What were you most nervous or scared about before your own first-year trip (or if you didn’t go on a trip, before the start of your time at Dartmouth)?
I had never hiked seriously before, and for some reason decided to sign up for Hiking 3 (there are only four levels of hiking). To be honest, that didn’t bother me that much until I actually got my rental frame pack in Robo basement. I remember I put this gigantic thing on my shoulders – completely empty – and it looked like it was going to just engulf me. Needless to say, I started getting a little worried that maybe I had bitten off more than I could chew. I was worried about making a fool of myself in front of the very first group of people I would hang out with, not just because of the fact that I would probably struggle with the hiking aspect, but what if I couldn’t carry a conversation with them? What if all my jokes fell flat? After so many years of always being in a place where I knew at least a few familiar faces, I was worried that maybe I had lost the skill to make new friends. I felt anxious about the idea of being a blank slate again, and that maybe the rest of my Dartmouth experience could be dictated by the next five days of Trips. In the end, yes the hiking was very hard – I think there was a steady stream of sweat running down my face (I also never sat down because I had a hard time standing back up without falling over due to the frame pack) – my jokes were sometimes funny, and my Trips experience in no way dictated how the rest of Dartmouth would go for me (and neither will it do that for you!). If you have fun, great! If you don’t, that’s fine too! It doesn’t mean that you won’t be able to make the most of Dartmouth.
What is your favorite thing to eat on campus?
Collis stir-fry with salad bar veggies (spinach, broccoli, kale, corn) with crispy chicken and an egg over medium on top (with light thai peanut and light medium). Oh, and a spattering of Dave’s Spice.
Tell us about a highlight of your time at Dartmouth so far.
Hmmm…I don’t really have a specific highlight, but in general, I would have to say that it’s whenever I meet someone I think I would click with, I almost immediately try to set up a one-on-one meal with them to get to know them better.
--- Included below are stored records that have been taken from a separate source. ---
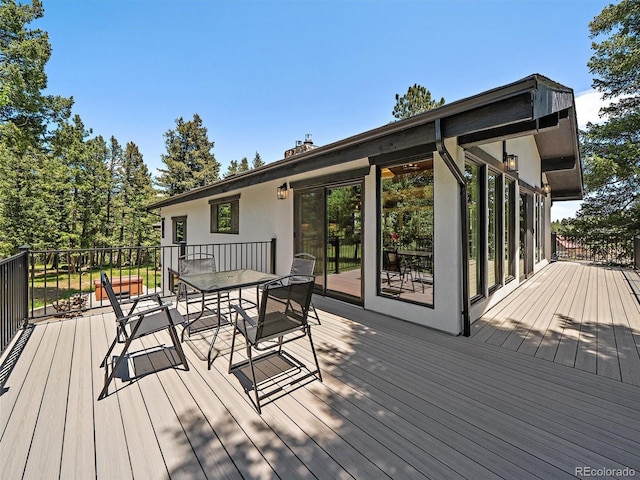 31756 Buffalo Park Rd, Evergreen, CO 80439 - wooden terrace featuring outdoor dining area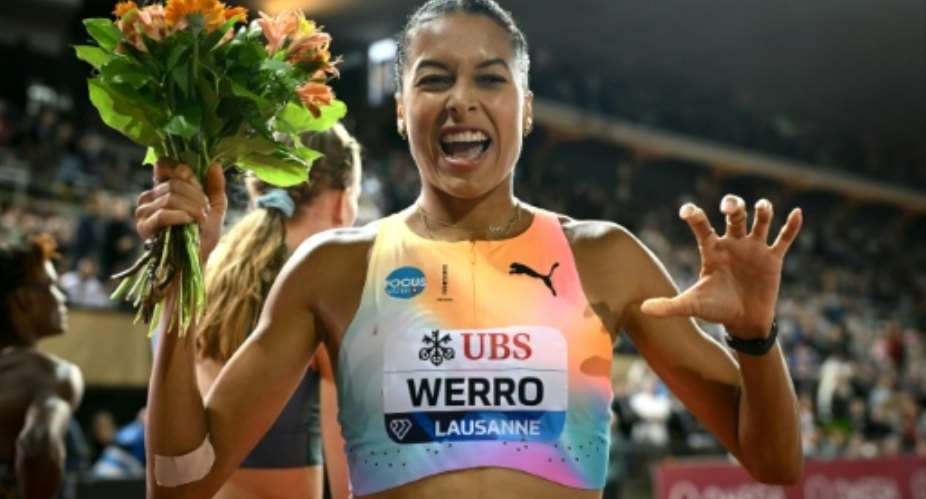 Switzerlands Audrey Werro celebrates after winning the womens 800m at the Lausanne Diamond League.  By Fabrice COFFRINI (AFP)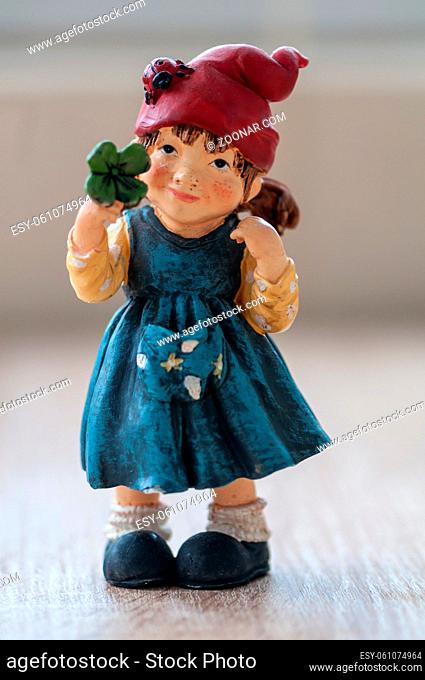 Close-up of a garden gnome holding a lucky clover on a wooden table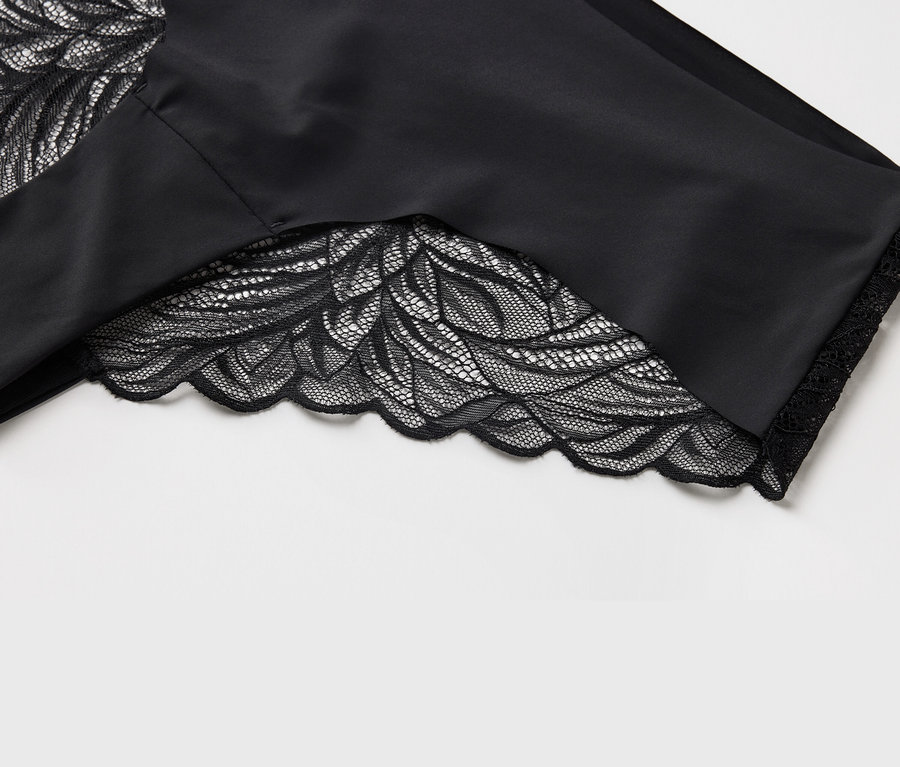 Vue détaillée d'un tissu noir avec de la dentelle florale sur l'ourlet.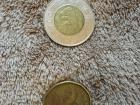 A toonie and a loonie, which are coins worth $2 and $1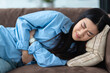 Asian young woman suffering from abdominal pain while lying down on sofa at home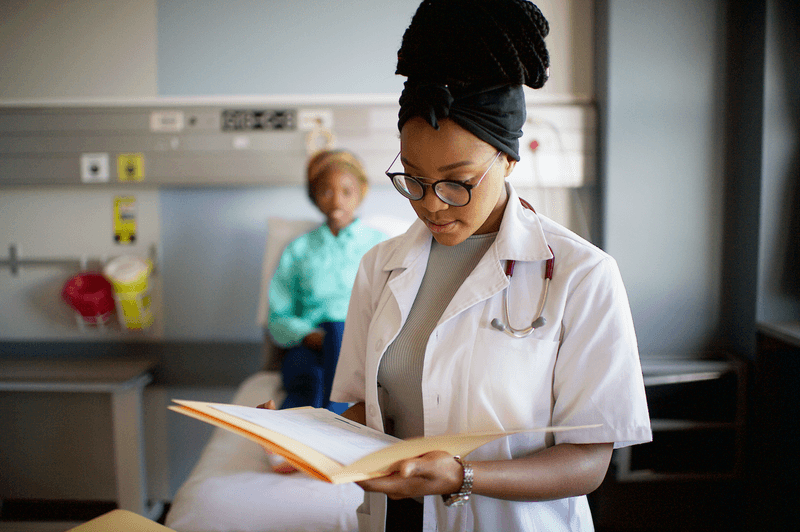 A female doctor holding a patient's file looking down reading - stock photo
A female African doctor holding a patient's file with the patient out of focus sitting on a hospital bed behind Cape Town South Africa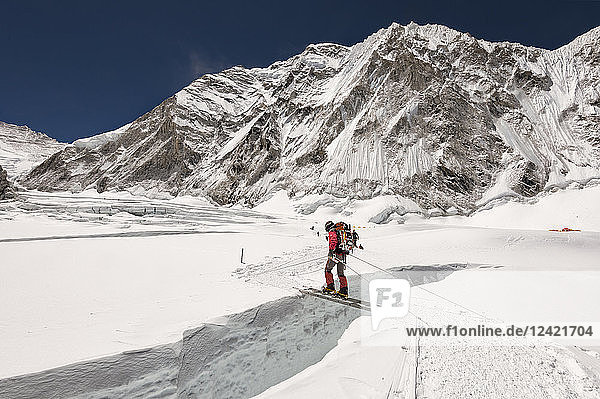 Nepal  Solo Khumbu  Everest  Sagamartha National Park  Mountaineer crossing icefall on a ladder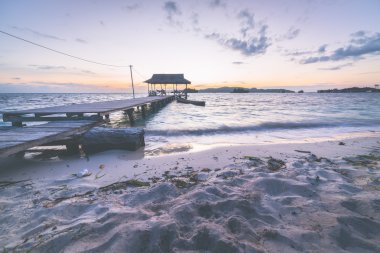 Tourist beach resort at dawn, marsala toned image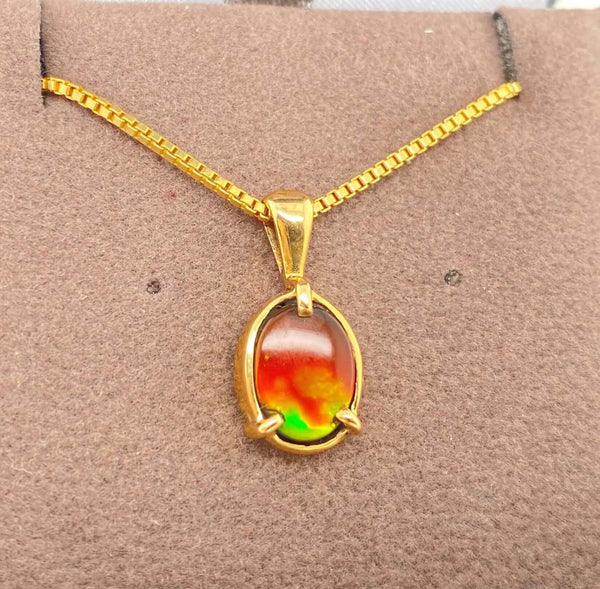 Ammolite Gold Pendant with an Oval Gem Set in 14KYG Left View PN E20824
And many of those meals have been some of my favorite ones here, and many of them have also evolved into some of my most cherished relationships. So remember, never stop being open to the idea that someone could become a genuinely close friend. It’s easy to settle into your comfortable network of friends, but there’s so much to gain from just reaching out to new people. Sometimes, you don’t know what you were missing until you find it.
What’s the most important item you forgot to pack when you came to move in?
If you could go back to the beginning of your first year here and tell yourself one thing, what would it be?
So, I hail from a large public school in the north shore suburbs of Chicago (wooo gotta love the 847), and there was only one other person from my graduating class of 1000+ that was coming to Dartmouth with me. I was definitely most worried about finding my own sense of place at Dartmouth. I had heard so much about Dartmouth – whether from students I met when I visited, from the 2016 Facebook page, or from the news – and despite my efforts not to, I had begun to create an idea of what the “Dartmouth experience” was, and what it would mean to “succeed” by Dartmouth standards. If I could go back, I would tell myself to just do what makes me happy. When it comes to creating a life for yourself here at Dartmouth, there is no should or shouldn’t (other than yknow…basic societal rules and laws). No matter how prevalent you may perceive a certain narrative at Dartmouth to be, you don’t need to squeeze your own experience to fit that if deep down, you know it’s not what you want.